_AIM OF THE EXERCISE_
Using only the entries below, output the lines starting at the one containing "Comfortable Modern Solid" and ending at the one containing "Snake Graphic Tee", exactly and inclusive of both, omitting the pictures.

_EXERCISE INPUT_
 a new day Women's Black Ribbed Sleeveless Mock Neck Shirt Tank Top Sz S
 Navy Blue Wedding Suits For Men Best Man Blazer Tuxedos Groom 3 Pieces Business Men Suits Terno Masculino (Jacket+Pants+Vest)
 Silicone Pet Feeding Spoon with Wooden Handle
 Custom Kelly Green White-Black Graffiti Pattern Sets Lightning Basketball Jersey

...

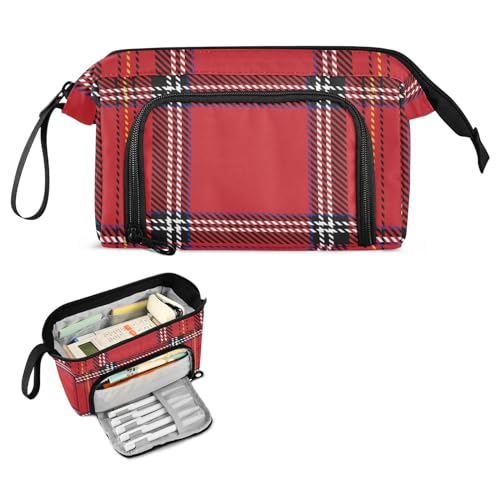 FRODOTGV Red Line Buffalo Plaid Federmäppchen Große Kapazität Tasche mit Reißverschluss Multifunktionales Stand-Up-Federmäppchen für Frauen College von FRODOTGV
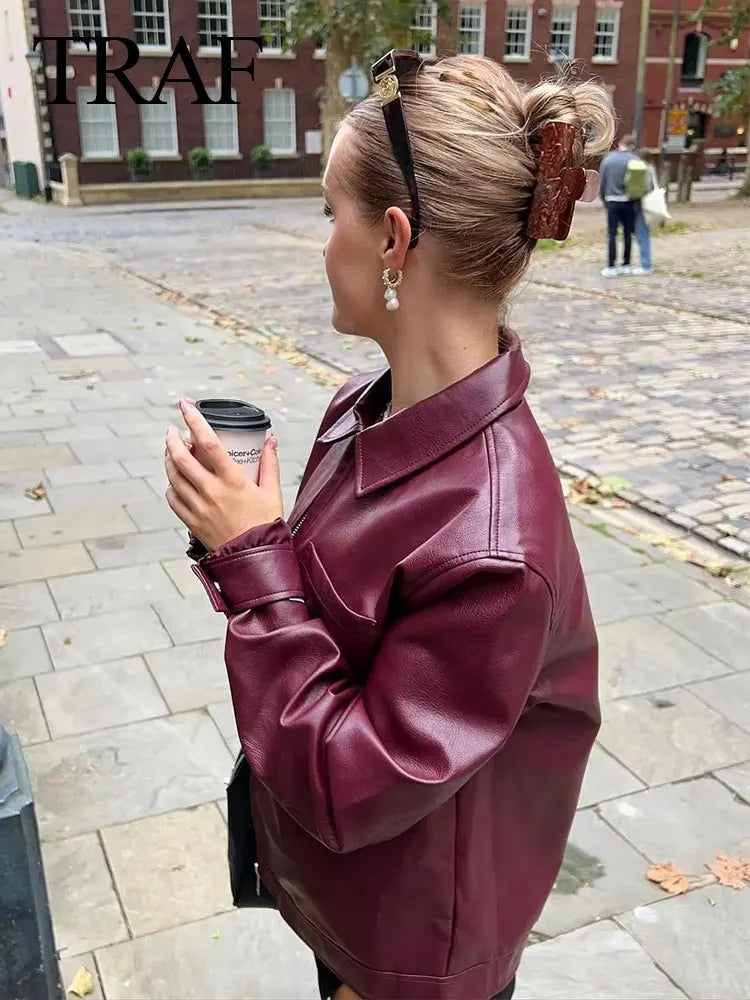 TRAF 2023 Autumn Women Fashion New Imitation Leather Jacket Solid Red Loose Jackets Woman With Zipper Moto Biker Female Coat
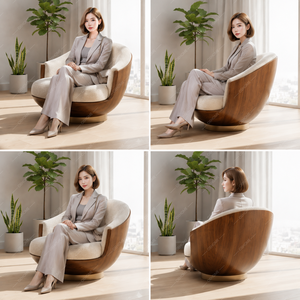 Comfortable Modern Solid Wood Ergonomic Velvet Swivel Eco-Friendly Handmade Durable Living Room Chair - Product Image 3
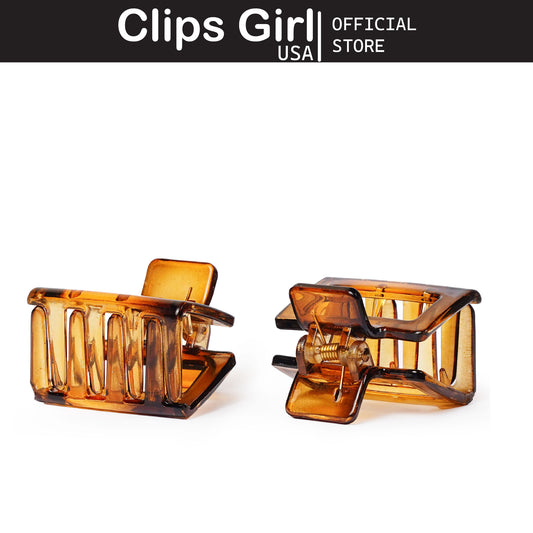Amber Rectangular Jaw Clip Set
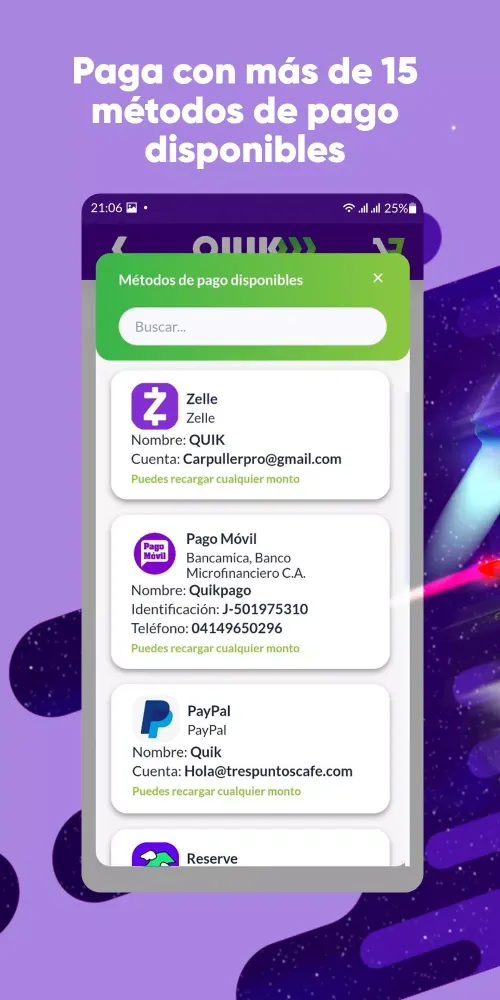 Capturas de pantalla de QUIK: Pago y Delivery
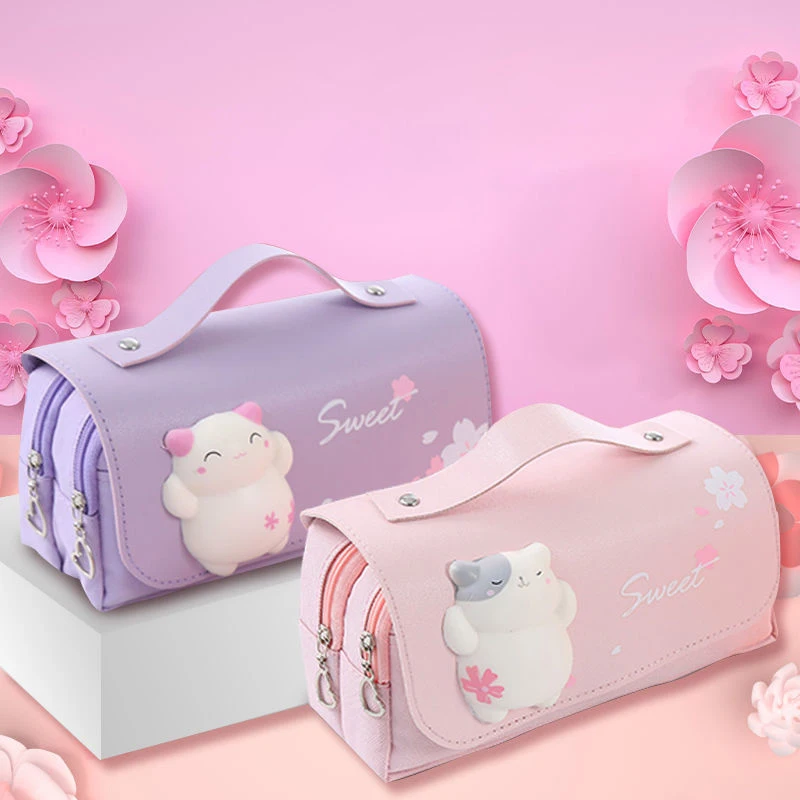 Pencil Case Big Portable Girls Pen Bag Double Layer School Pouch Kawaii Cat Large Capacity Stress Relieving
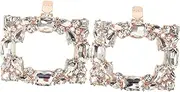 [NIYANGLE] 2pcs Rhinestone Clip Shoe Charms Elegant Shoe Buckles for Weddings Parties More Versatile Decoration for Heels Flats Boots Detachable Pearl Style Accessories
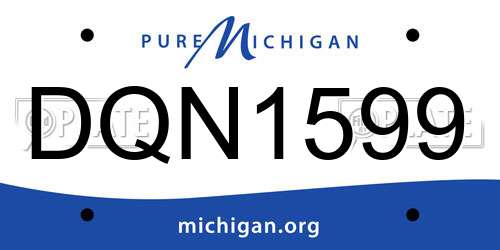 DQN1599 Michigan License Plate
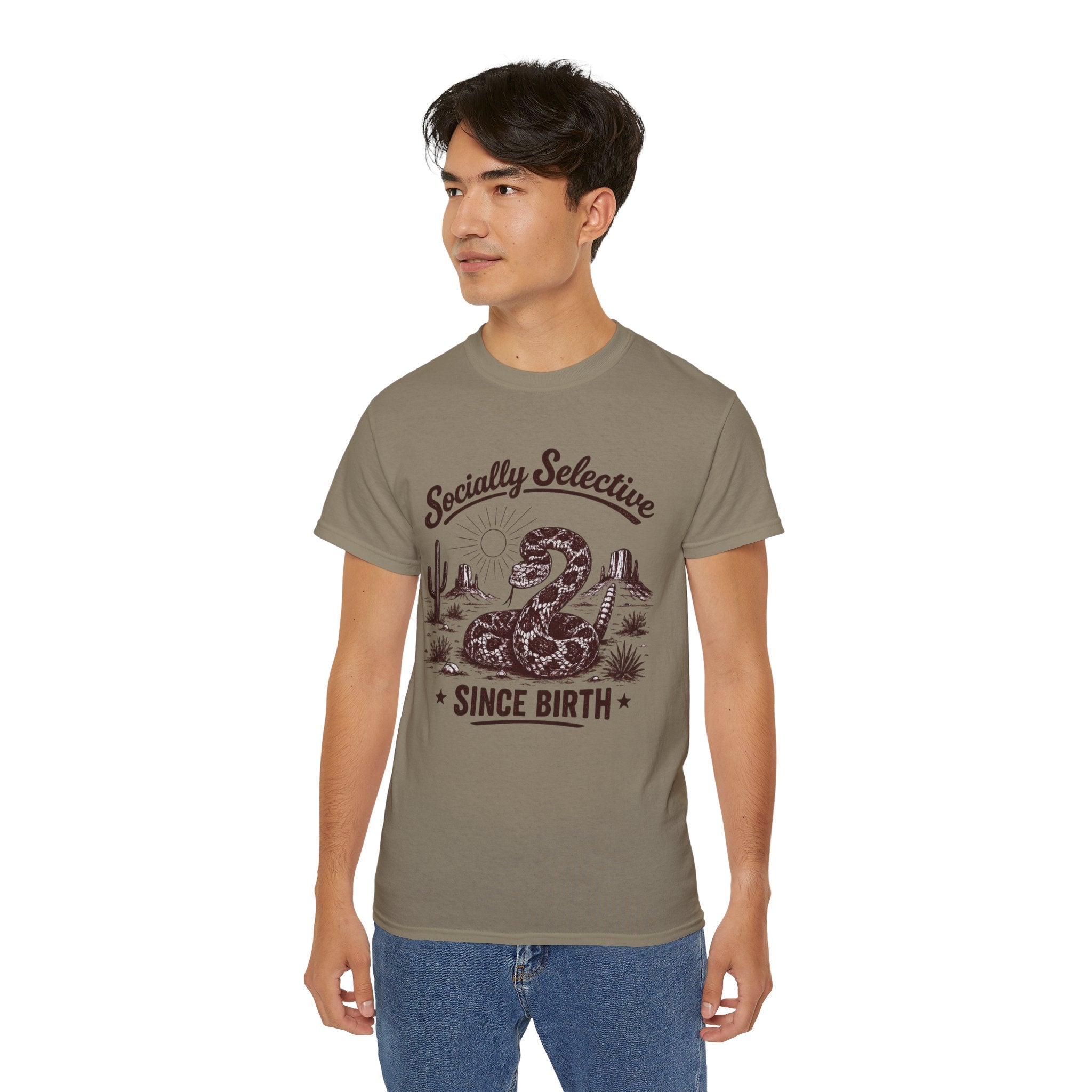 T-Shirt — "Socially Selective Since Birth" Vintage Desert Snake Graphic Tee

_EXERCISE SOLUTION_
 Comfortable Modern Solid Wood Ergonomic Velvet Swivel Eco-Friendly Handmade Durable Living Room Chair - Product Image 3
Amber Rectangular Jaw Clip Set
 Capturas de pantalla de QUIK: Pago y Delivery
 Pencil Case Big Portable Girls Pen Bag Double Layer School Pouch Kawaii Cat Large Capacity Stress Relieving
 [NIYANGLE] 2pcs Rhinestone Clip Shoe Charms Elegant Shoe Buckles for Weddings Parties More Versatile Decoration for Heels Flats Boots Detachable Pearl Style Accessories
 DQN1599 Michigan License Plate
 T-Shirt — "Socially Selective Since Birth" Vintage Desert Snake Graphic Tee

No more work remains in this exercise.